* _REQUIRED WORK_
From the records below, print only the part that opens with the line containing "Aslyx AS-201745 - Suport" and closes with the line containing "Chaussettes Nike Everyday Essential Wh"; omit the pictures.

* _RECORDED DATA_
::::::::
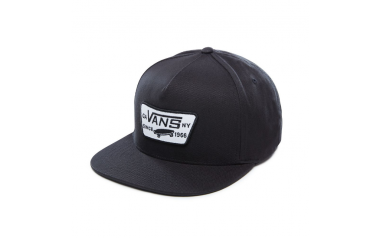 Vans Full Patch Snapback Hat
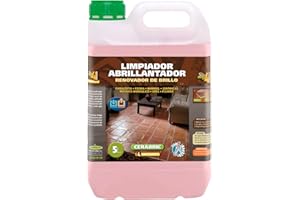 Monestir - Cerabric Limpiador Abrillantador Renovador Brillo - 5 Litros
::::::::
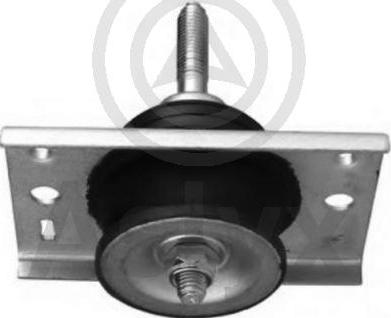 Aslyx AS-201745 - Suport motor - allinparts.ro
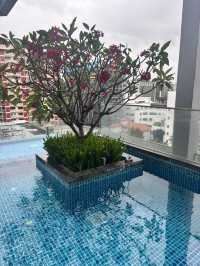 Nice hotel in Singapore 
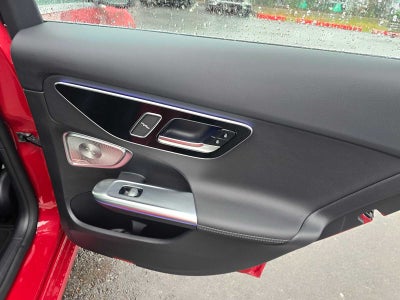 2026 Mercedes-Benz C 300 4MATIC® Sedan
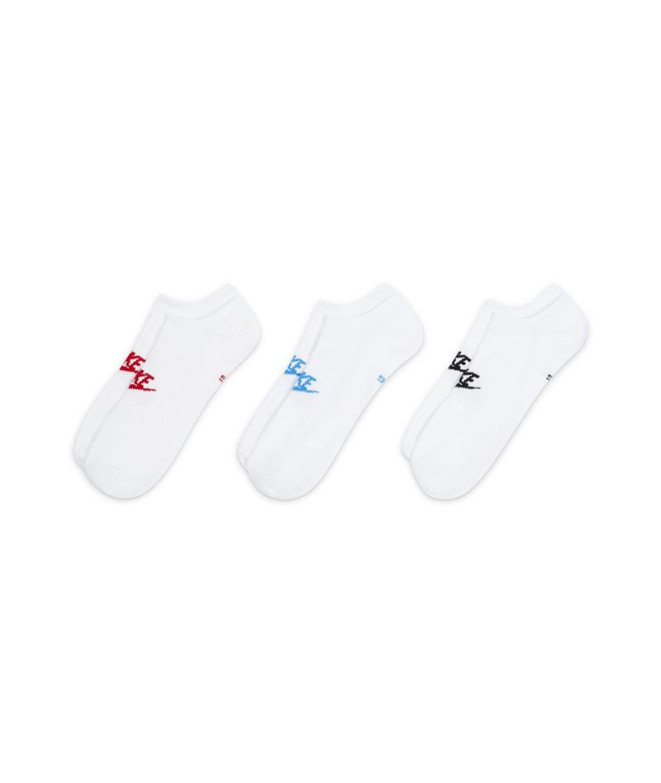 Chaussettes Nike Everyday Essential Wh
::::::::
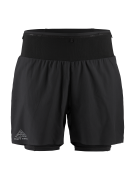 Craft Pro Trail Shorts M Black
::::::::
* _COMPLETED TASK_
 Aslyx AS-201745 - Suport motor - allinparts.ro
 Nice hotel in Singapore 
 2026 Mercedes-Benz C 300 4MATIC® Sedan
 Chaussettes Nike Everyday Essential Wh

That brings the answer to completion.